De toute façon, l’inquiétude des faucons néoconservateurs ne vient pas de Saddam (ils savent qu’il n’a aucune puissance) mais du fait que les kurdes restent moins troublants en Turquie et en Iran, pays émergents qui ne montrent pas de signes de méfiance à l’égard de leur revendication
autonomiste (ce qui n’arrange pas les intérêts américains). En plus, les sunnites seront sans doute d’une part enclins (en cas de la chute de Saddam) aux représailles, et d’autre part en proie aux feux croisés des chiites et des kurdes (la majorité de la population) ayant souffert le martyre sous la dictature bâassiste. Sachant bien que ces sunnites-là ne tiennent à un Etat central que parce que leur territoire est pauvre en pétrole et qu’étant une minorité démographique, ils chercheront seulement la survie (peur du génocide). Pour ce faire, les américains ont projeté de s’installer au Nord comme au Sud, en laissant le centre aux sunnites sous contrôle (peur de l’insurrection). Échec du plan! Pourquoi? Au-delà de la stratégie du «chaos constructif» dont l’ex-secrétaire d’Etat Condoleezza Rice aurait-été le porte-flambeau dans le cadre du Grand Moyen-Orient (G.M.O), il y a lieu de préciser que le politologue Samuel Huntington (1927-2008) connu notamment pour son ouvrage «choc de civilisations et la redéfinition de l’ordre mondial» a, ouvré dès 1968 dans un autre écrit
«political order in changing world» à théoriser pour une certaine modernisation du tissu interétatique. En quoi consiste cette modernisation en effet? Il s’agit de la désintégration du système politique traditionnel. Ce qui implique la guerre. Ce que Edward Mansfield et Jack Synder appellent
«guerres de démocratisation». Entendez bien, guerres humanitaires, euphémisme oblige! En termes plus simples, les Marines ramèneront à ces déserts du Monde Arabe la démocratie occidentale des Lumières, juchés sur des chars et des blindés! Au Moyen-Orient, l’ordre traditionnel, c’est le traité de Sykes-Picot de 1916, ratifié dans le congrès de Versailles de 1919. Autrement dit, la division de l’ancien «Bilad Al-Sham» en Syrie, Irak, Liban, Palestine (les anciennes régions méridionales de l’empire ottoman). Or, malgré toutes les tentatives de déstabilisation, cette carte a résisté. Le Liban n’a pas disparu après le départ des français en 1943 et la guerre civile (1975-1990).
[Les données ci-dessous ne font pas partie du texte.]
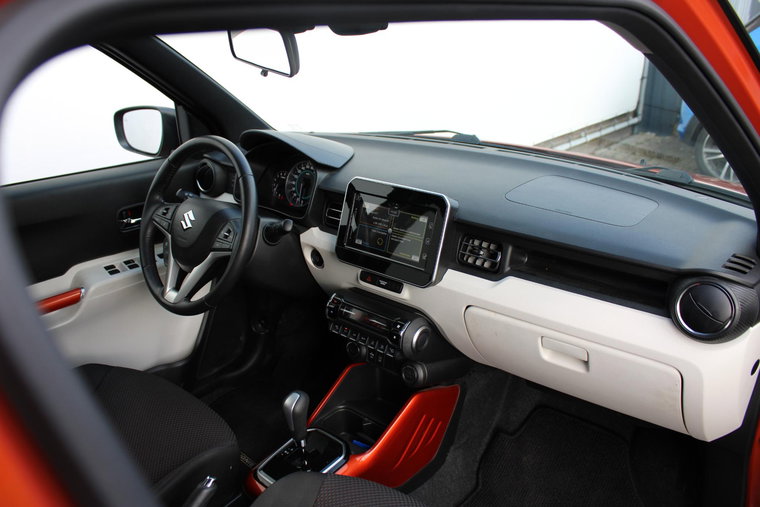Vehicle Image 35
Privés de d’Etat, les palestiniens se sont vu, quant à eux, reconnaître comme peuple par la communauté internationale lors des accords d’Oslo de 1993, la Syrie et l’Irak se sont confrontées à une impitoyable concurrence entre les deux frères Bâas et ce de 1967 à 2003. Ceux-ci revendiquent avec l’Egypte nassérienne des identités nationales en déphasage avec le panarabisme ne se sont jamais laissé remonter les bretelles par les américains. Reste la Jordanie qui est un Etat fabriqué de toutes pièces. Il est placé au creux en garantissant une existence artificielle.
Comment peut-on donc «confessionaliser» ces pays-là? Cela est d’autant plus improbable que même les mouvances islamistes ont épousé les contours de ces Etats (l’Egypte des frères musulmans). Autant dire, chaque Etat a un mouvement qui lui est propre (l’internationale islamiste n’a été mise en avant que par Ben Laden).
Si l’instrumentalisation des dictatures contre les démocraties prosoviétiques a façonné la vision américaine au temps de l’anticommunisme et a eu des résultats concrets (Ronald Reagan a eu recours à une stratégie d’endiguement de l’U.R.S.S se basant sur la doctrine d’Eisenhower : essayer de priver Moscou de ses soutiens régionaux stratégiques et l’empêcher de s’étendre en Eurasie et au Golfe persique), jouer avec «le confessionnalisme» est trop risqué car il peut créer un chaos plus déstabilisateur que celui que vit toute la région actuellement.